15. A system comprising one or more storage mediums having stored thereon, individually or in combination, instructions that when executed by one or more processors, results in the following: determining a server load in response to a request from a client; selecting a type of credit based at least in part on server load; and sending a credit to the client based at least in part on server load, wherein server load corresponds to a utilization level of a server and wherein the credit corresponds to an amount of data that may be transferred between the server and the client and the credit is configured to decrease over time if the credit is unused by the client.

16. The system of claim 15 wherein the request comprises at least one of a connection request, a transaction request and a credit request.

17. The system of claim 15 wherein the credit is sent to the client upon receipt of the request by the server if the server load corresponds to server available resources being above a watermark or the credit is sent to the client upon completion of a transaction associated with the request if the server load corresponds to server resources being below the watermark.

18. The system of claim 15 wherein the instructions that when executed by one or more processors results in the following additional operations comprising: decreasing the credit by a decay amount for each decay time interval that the credit is unused.

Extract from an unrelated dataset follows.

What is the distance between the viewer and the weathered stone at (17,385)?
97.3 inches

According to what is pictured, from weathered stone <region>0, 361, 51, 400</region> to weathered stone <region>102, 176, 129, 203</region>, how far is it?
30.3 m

19. The system of claim 15 wherein the type of credit is selected based, at least in part, on a number of other clients connected to the server.

20. The system of claim 15 wherein a transaction between the server and the client comprises a command and associated data and the associated data is dropped if the server load corresponds to server available resources being below a watermark and the associated data is later retrieved when the server available resources increase to above the watermark.

Description

FIELD The present disclosure relates to a flow control mechanism for storage servers.

BACKGROUND

[0001] A storage network typically includes a plurality of networked storage devices coupled to or integral with a server. Remote clients may be configured to access one or more of the storage devices via the server. Examples of storage networks include, but are not limited to, storage area networks (SANs) and network-attached storage (NAS).

[0002] A plurality of clients may establish connections with the server in order to access one or more of the storage devices. Flow control may be utilized to ensure that the server has sufficient resources to service all of the requests. For example a server might be limited by the amount of available RAM needed to buffer incoming requests. In this case, a well-designed server should not allow simultaneous requests that require more than the total available buffers. Examples of flow control include, but are not limited to, rate control and credit-based schemes. In a credit-based scheme, a client may be provided a credit from the server when the client establishes a connection with the server.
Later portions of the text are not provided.